╭─ Task data
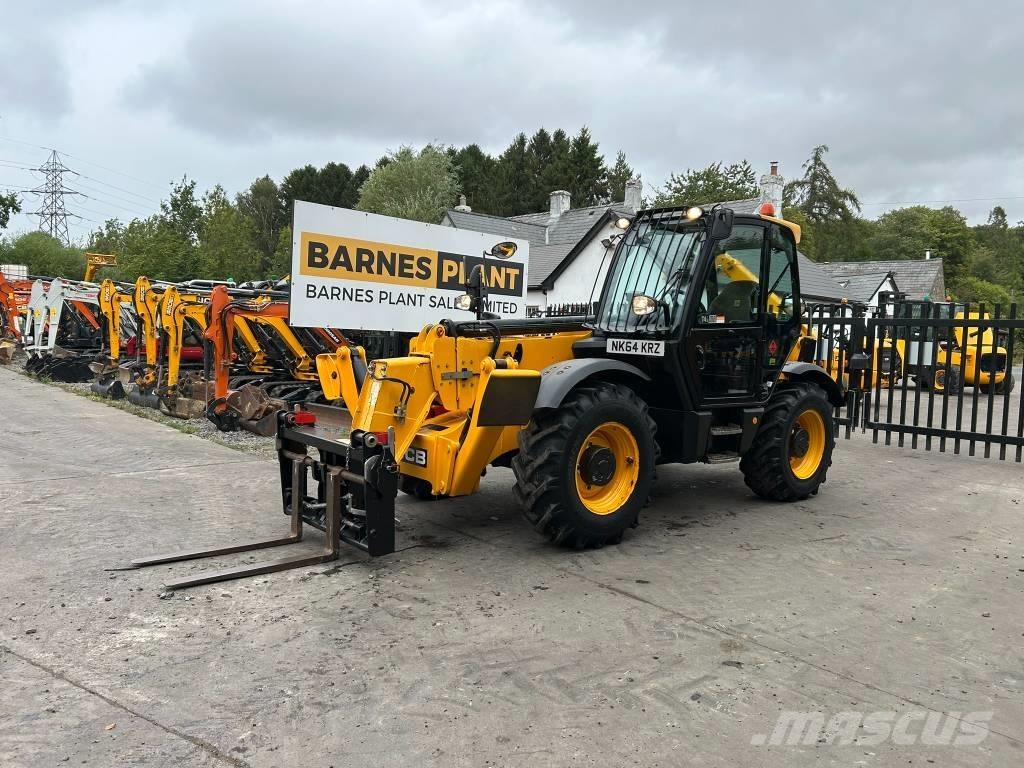 JCB 535-125 Hiviz Teleskoplastare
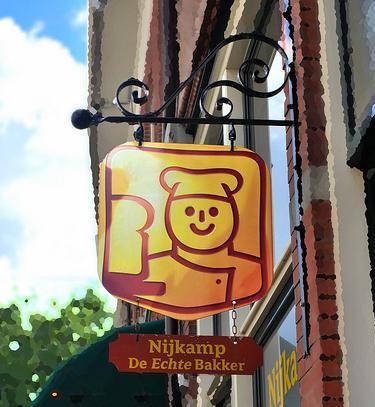 Echte Bakker, Lunchroom, Petit-Restaurant, Gelateria, IJssalon in Holten en Zutphen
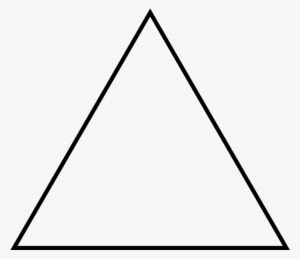 Black And White Triangle Png - Triangle Png #440760 Black And White Triangle Png - Triangle Png #440760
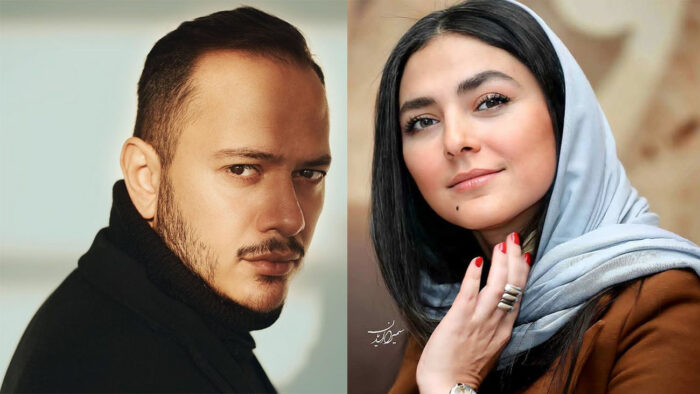 ازدواج جنجالی هدی زینالعابدین با آقای خواننده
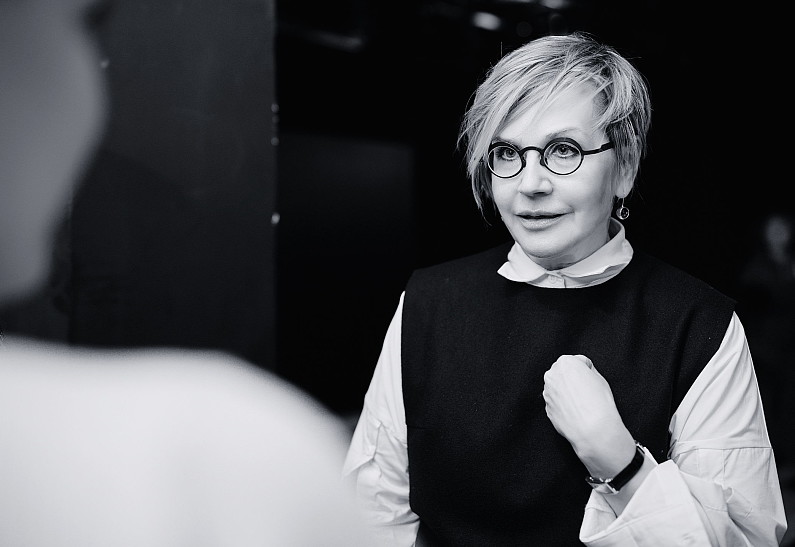 В театре им. А.С. Пушкина пройдет цикл лекций художника по костюмам Виктории Севрюковой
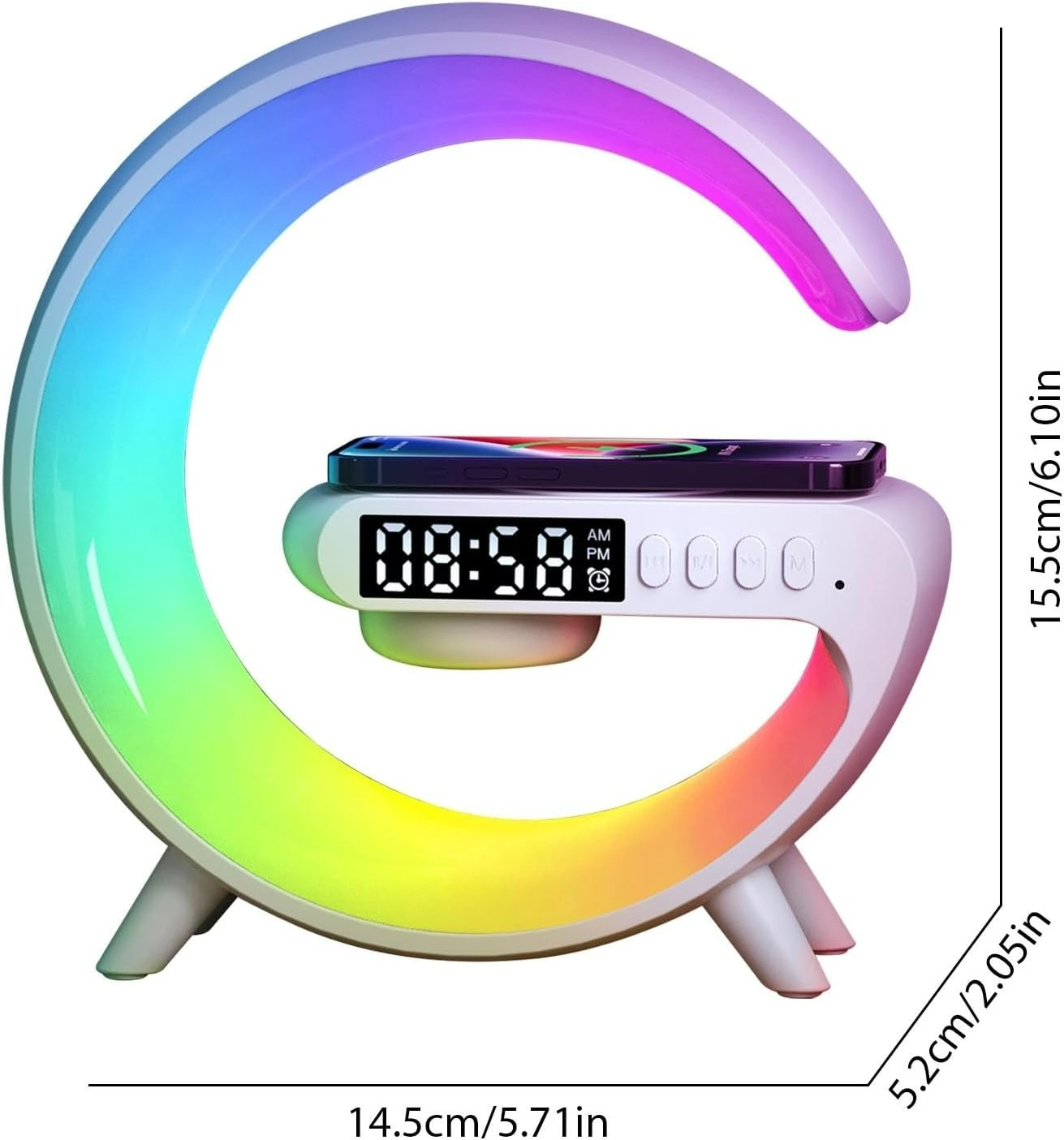 G63 Smart Light Clock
╰─
▶ _Action item_
Quote the material in full and exactly; do not carry over its pictures.

▶ _Exercise solution_
 JCB 535-125 Hiviz Teleskoplastare
 Echte Bakker, Lunchroom, Petit-Restaurant, Gelateria, IJssalon in Holten en Zutphen
 Black And White Triangle Png - Triangle Png #440760 Black And White Triangle Png - Triangle Png #440760
 ازدواج جنجالی هدی زینالعابدین با آقای خواننده
 В театре им. А.С. Пушкина пройдет цикл лекций художника по костюмам Виктории Севрюковой
 G63 Smart Light Clock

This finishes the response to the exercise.